James Grover Thurber
(1894-1961)
One of the foremost and most celebrated American humourists of the twentieth century, James Thurber rose to prominence as a writer and cartoonist in the early years of The New Yorker. The simple line of his cartoons, often portraying a wife’s frustration with their meek husband, became an iconic feature of The New Yorker, and with the humour and wit of his writings in stories such as The Secret Life of Walter Mitty and The Dog That Bit People, James Thurber developed into a distinguished author, playwright and one of the greatest of the modern American storytellers.
James Grover Thurber was born on 8 December 1894 in Columbus, Ohio, to Charles Leander Thurber and Mary Agnes (neé Fisher). He was the middle child with an older brother, William, and a younger brother, Robert. During Thurber’s childhood, the family was forced to move often on account of his father’s frequent job changes as a civil clerk. When James Thurber was seven years old, the family was living near Washington D.C.

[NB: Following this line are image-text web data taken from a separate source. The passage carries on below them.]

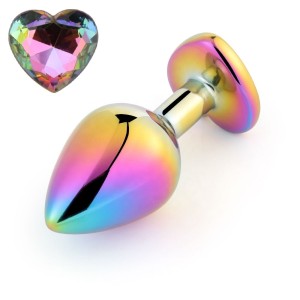 Large Metal Butt Plug Heart Shape Crystal - Rainbow / Multicolor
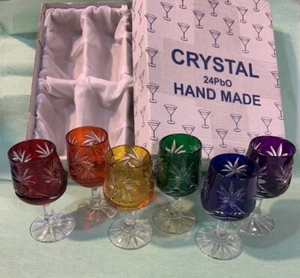 Jewel Colors Colored Crystal 24PbO Hand Made Set of 6 Cordial Cognac Glasses - Picture 1 of 23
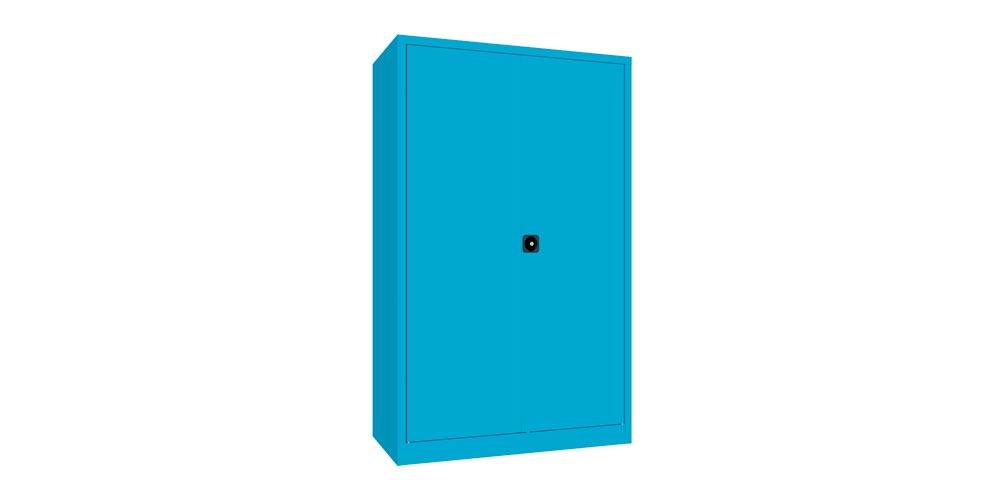 Flügeltürenschrank - Vollblechtüren - 1.950x1.200x600 mm (HxBxT) - 4 Einlegeböden verzinkt - Zylinderschloss - himmelblau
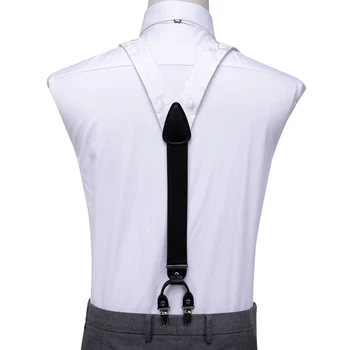 Hi-Cravată de Mătase Adult Bărbați Suspensor pentru călcat Pantaloni 6 Curele din Piele Suspensor Alb pentru Barbati Blugi Munca Bretele și Cravată Curele Late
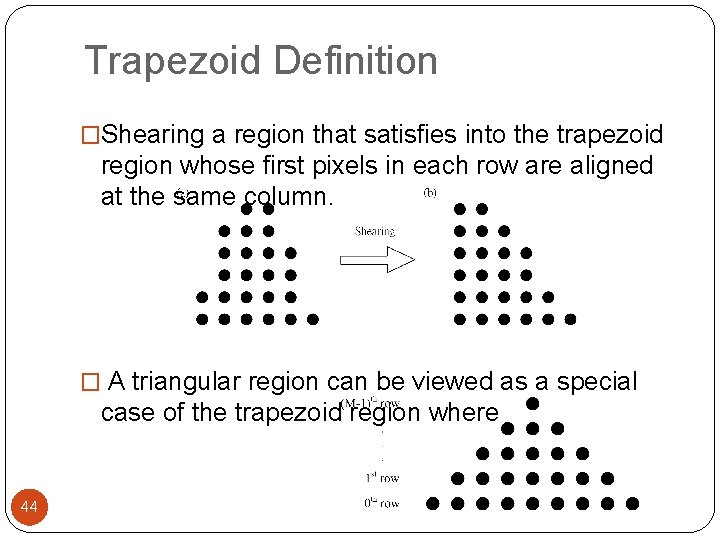 Trapezoid Definition �Shearing a region that satisfies into the trapezoid region whose first pixels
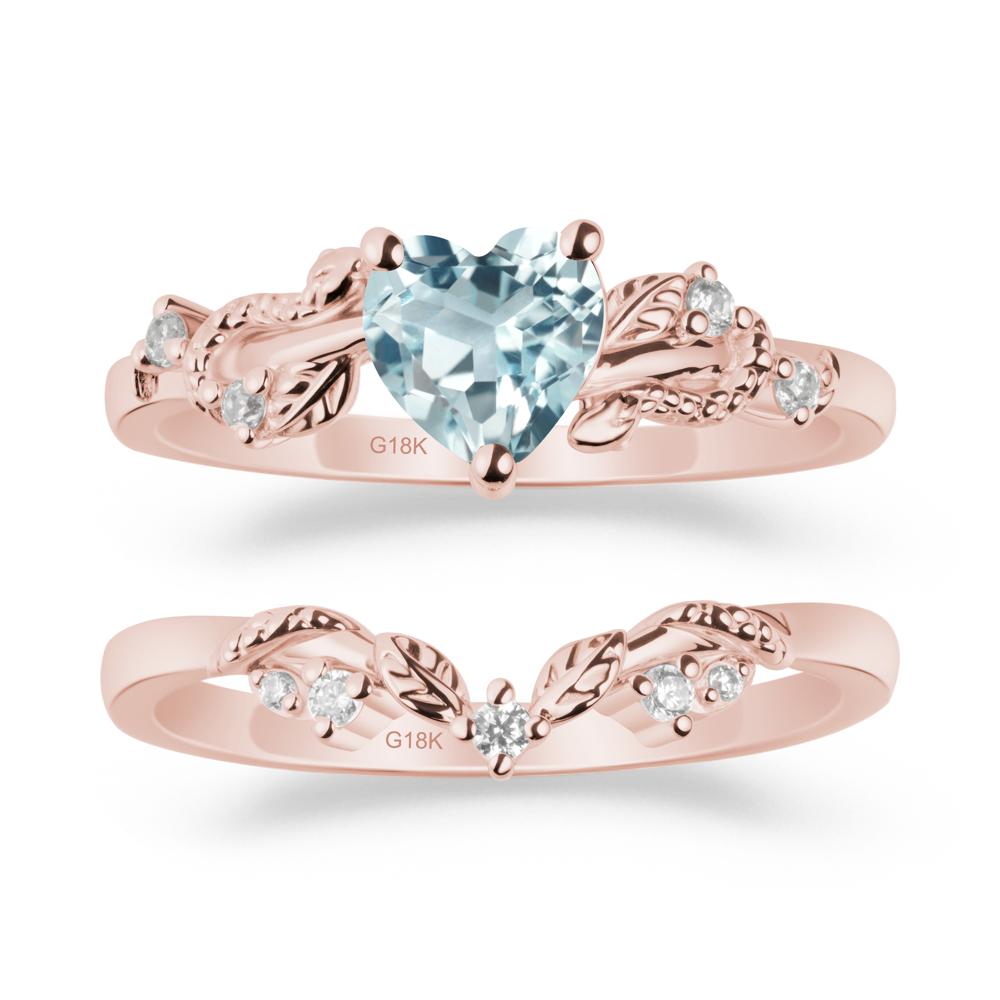 Snake Inspire Aquamarine Wedding Ring Set - LUO Jewelry #metal_xxxxx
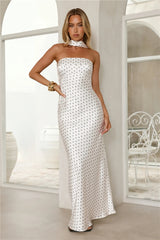 Starlight Polka Dot Maxi Dress White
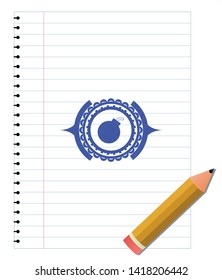 bomb icon emblem with pen effect. Blue ink. Vector Illustration. Detailed.
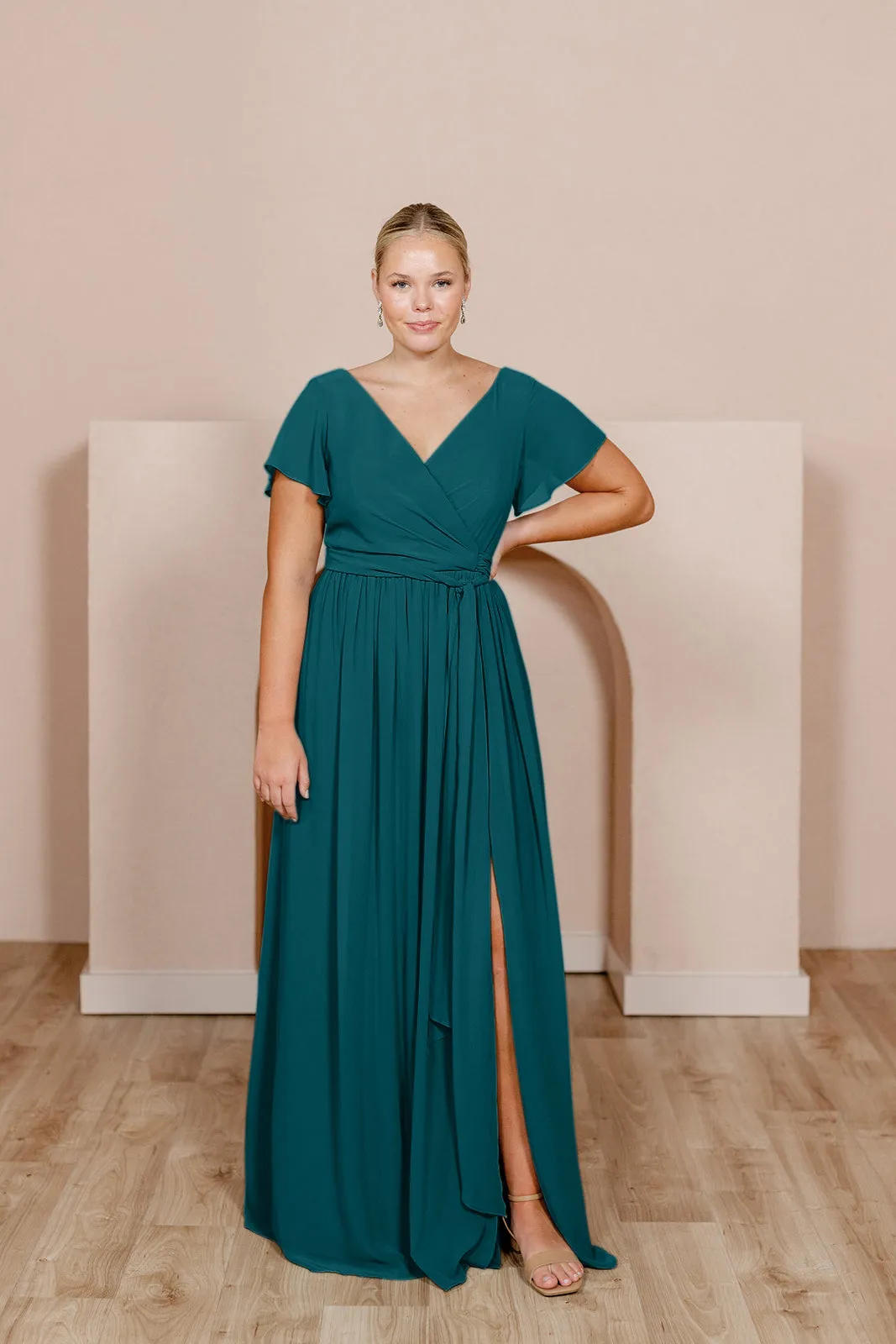 Harper Chiffon Faux Wrap Dress | Made To Order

while Charles Thurber was working as a secretary for a congressman. While playing in the garden with his two brothers, James Thurber was accidently shot with a toy arrow, permanently blinding him in his left eye. The eye was replaced with a prosthetic and he would be plagued with issues with sight in his remaining eye for the rest of his life. Shortly thereafter, the family returned to Columbus and James Thurber attended Sullivant Elementary and Douglas Junior High School, before graduating from East High School in 1913. He attended Ohio State University from 1913 to 1918, where he wrote for the college paper, The Lantern, and was editor-in-chief of the magazine The Sun Dial. He left OSU without a degree as his partial blindness prevented him from completing a Reserve Officers’ Training Corps program required for graduation.
After college, James Thurber worked variously as a clerk in Washington D.C and at the American Embassy in Paris, before returning to Columbus in 1930 as a reporter for The Columbus Dispatch. During this time back in Columbus, he met his first wife, Althea Adams, and they were married in 1922. In 1925, the couple moved to Paris, where Thurber worked on the Paris edition of the Chicago Tribune. They returned to the US the following year, moving to New York where Thurber took up a role as a reporter for the Evening Post. While in New York, the author E. B. White, with whom Thurber would collaborate on this first book, Is Sex Necessary (1929), introduced him to Harold Ross, editor of The New Yorker, which had begun in 1927. Thurber joined the editorial staff of The New Yorker in 1929 as a writer and, from 1931 began drawing cartoons too. Though he left The New Yorker’s staff in 1935, he would continue to contribute drawings and cartoons for years despite his deteriorating eyesight. Some of this most famous tales and cartoons includes ‘The Night the Ghost Got In,’ ‘The Dog That Bit People,’ and ‘The Unicorn in the Garden.’ A great dog-lover, Thurber’s drawings regularly featured dogs and these became some of his most beloved images.
In 1939, he published what is regarded as one of his most famous works, the short story, The Secret Life of Walter Mitty. In 1947, it was adapted into a movie starring Danny Kaye, Virginia Mayo and Boris Karloff (it would later be remade in 2013), and is considered today as one of the greatest short stories of the twentieth century. In 1940, along with a friend from college, James Thurber wrote a stage play called The Male Animal. The show became a Broadway hit and in 1942 was adapted into a movie starring Henry Fonda and Olivia de Havilland. In 1945, he wrote The Thurber Carnival, which was adapted into a play, A Thurber Carnival, in 1960. Thurber portrayed himself in 88 performances and won a Tony award for the adapted script.
Though the final twenty years of his life featured consistent professional success – he wrote over a dozen more books, such as My World and Welcome To It (1942), Many Moons (1943), Further Fables for Our Time (1956) and The Years with Ross (1959) – they were marked by his rapidly diminishing eyesight. Thurber used a magnifying device and large sheets of paper to continue drawing cartoons until, in 1951, his almost total blindness forced him to stop completely. His later writings were all conceived in his head and then dictated. In 1961, he suffered a blood clot on his brain and despite a successful surgery, he died due to complications from pneumonia on 2 November 1961. He was survived by his second wife, Helen (neé Wismer), whom he had married in 1935, shortly after his divorce from Althea. He had one daughter, Rosemary Thurber, from his first marriage.